* _What the task requires_:
The output is the lines below from the one with "Colorful abstract landscape" through the one with "Cuca 104 Outdoor Floor Lamp - line drawing.", both included, printed exactly and with no other line.

* _Data shown_:
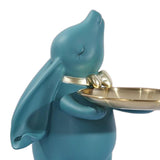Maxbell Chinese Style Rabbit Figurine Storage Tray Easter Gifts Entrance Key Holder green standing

==

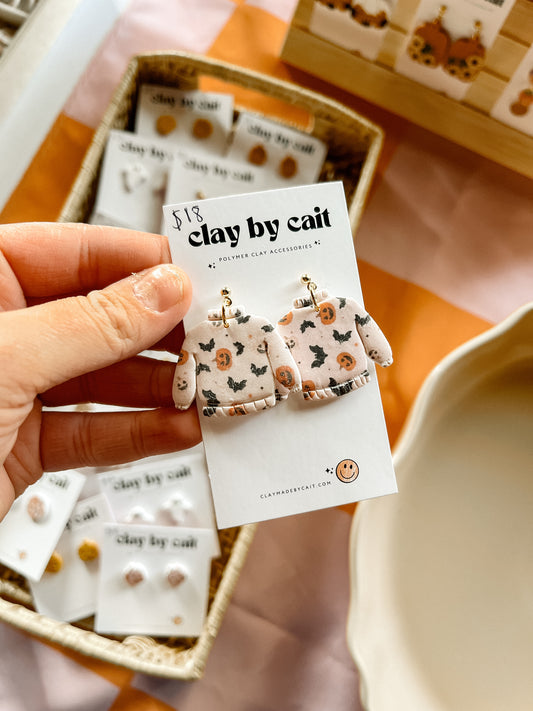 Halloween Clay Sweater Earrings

* * *

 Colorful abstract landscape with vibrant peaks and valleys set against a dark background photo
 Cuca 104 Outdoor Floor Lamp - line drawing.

* _Written solution_:
 Colorful abstract landscape with vibrant peaks and valleys set against a dark background photo
 Cuca 104 Outdoor Floor Lamp - line drawing.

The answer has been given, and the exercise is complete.